Gloucester Linkages dig team excited at gravestone find
- Published
Archaeologists working on a £7m traffic project in Gloucester have uncovered an historically significant gravestone.
The headstone was found down a well and is believed to have come from a burial ground of a chapel in Southgate Street.
The team was working on the Linkages project to improve access between the city centre and new Quays complex.
The gravestone inscription records the death of Catherine Jennings in 1838, aged 48. County archaeologists said it was an "exciting" discovery.
The inscription also refers to Catherine's husband, the Reverend Robert Jennings, who was a missionary at Chittoor in the East Indies - now modern day India.
Gloucestershire County Council said research has established that he was born in 1797, served as a minister in Gloucester and was appointed as a missionary by the London Missionary Society in 1827.

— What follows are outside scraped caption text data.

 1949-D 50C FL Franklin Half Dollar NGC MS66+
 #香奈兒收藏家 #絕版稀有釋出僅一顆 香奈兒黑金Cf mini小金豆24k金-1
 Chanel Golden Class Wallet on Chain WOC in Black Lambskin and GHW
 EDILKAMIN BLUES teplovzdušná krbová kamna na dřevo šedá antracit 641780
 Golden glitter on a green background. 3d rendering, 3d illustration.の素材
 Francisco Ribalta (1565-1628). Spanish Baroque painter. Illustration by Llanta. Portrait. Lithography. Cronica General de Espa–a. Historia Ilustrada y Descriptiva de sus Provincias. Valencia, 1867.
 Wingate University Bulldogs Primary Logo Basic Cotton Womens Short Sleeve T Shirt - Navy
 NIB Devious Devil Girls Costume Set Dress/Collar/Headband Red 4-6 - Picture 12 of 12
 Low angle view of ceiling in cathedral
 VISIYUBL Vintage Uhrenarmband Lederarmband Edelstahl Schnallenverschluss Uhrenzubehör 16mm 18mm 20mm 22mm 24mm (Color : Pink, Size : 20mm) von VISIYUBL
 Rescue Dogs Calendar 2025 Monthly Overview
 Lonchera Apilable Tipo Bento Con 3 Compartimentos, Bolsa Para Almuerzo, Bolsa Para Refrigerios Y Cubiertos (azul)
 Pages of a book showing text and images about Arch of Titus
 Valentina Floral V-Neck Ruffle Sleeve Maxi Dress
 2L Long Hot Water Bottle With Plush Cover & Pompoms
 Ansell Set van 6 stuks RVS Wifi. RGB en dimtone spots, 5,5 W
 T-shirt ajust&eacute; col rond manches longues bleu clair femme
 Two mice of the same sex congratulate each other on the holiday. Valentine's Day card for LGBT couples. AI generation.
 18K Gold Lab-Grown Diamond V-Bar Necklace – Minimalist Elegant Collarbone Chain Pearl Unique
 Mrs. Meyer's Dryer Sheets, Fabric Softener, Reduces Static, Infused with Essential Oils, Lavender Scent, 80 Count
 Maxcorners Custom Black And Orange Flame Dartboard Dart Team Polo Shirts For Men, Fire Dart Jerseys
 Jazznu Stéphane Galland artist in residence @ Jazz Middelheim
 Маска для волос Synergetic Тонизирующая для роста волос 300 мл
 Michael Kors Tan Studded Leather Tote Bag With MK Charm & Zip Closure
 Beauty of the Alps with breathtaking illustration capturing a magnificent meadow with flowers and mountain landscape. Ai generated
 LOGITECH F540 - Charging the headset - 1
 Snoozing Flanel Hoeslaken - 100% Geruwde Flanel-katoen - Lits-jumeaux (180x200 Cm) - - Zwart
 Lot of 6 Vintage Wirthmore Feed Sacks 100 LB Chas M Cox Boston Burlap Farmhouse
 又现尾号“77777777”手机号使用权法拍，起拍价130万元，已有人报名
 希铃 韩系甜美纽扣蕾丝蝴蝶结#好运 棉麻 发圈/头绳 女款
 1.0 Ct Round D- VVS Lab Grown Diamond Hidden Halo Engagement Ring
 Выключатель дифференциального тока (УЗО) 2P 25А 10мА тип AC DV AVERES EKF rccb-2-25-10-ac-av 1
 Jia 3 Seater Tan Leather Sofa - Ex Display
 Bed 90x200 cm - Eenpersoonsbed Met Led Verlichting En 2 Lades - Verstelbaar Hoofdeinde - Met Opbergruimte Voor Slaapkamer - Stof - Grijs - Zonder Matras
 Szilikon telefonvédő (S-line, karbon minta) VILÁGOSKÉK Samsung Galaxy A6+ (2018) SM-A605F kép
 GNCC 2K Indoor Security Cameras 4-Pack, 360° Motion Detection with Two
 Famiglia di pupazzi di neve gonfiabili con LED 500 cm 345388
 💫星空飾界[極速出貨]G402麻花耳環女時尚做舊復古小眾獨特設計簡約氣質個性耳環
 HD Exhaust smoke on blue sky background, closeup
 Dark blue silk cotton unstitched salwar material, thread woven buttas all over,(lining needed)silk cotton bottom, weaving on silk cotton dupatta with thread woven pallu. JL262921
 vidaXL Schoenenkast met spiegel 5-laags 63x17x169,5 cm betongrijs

He died in Chittoor on 1 June 1831, aged 34, leaving his widow and a child to return to England.
Records show that the couple had a daughter, Harriet Jennings, who lived in The Promenade, Cheltenham.
She was married twice - first to Gloucester lawyer Thomas Avery and then to Edwin Broad, the uncle of the philosopher C.D. Broad.
Harriet died at the age of 80 in 1911.
The team believe this may mean her mother's relatives could still be living in the county.
Paul Nichols, senior project officer in the archaeology team, said: "Finds like this really bring the past to life and it's exciting to think that some of Catherine's relatives may still live locally.
"The amazing range of finds we have had so far from the Linkages scheme really emphasise Gloucester's rich heritage and we hope to discover more as we continue to monitor the project."
The find comes just weeks after two medieval skeletons were unearthed by the Linkages workmen at Kimbrose Triangle.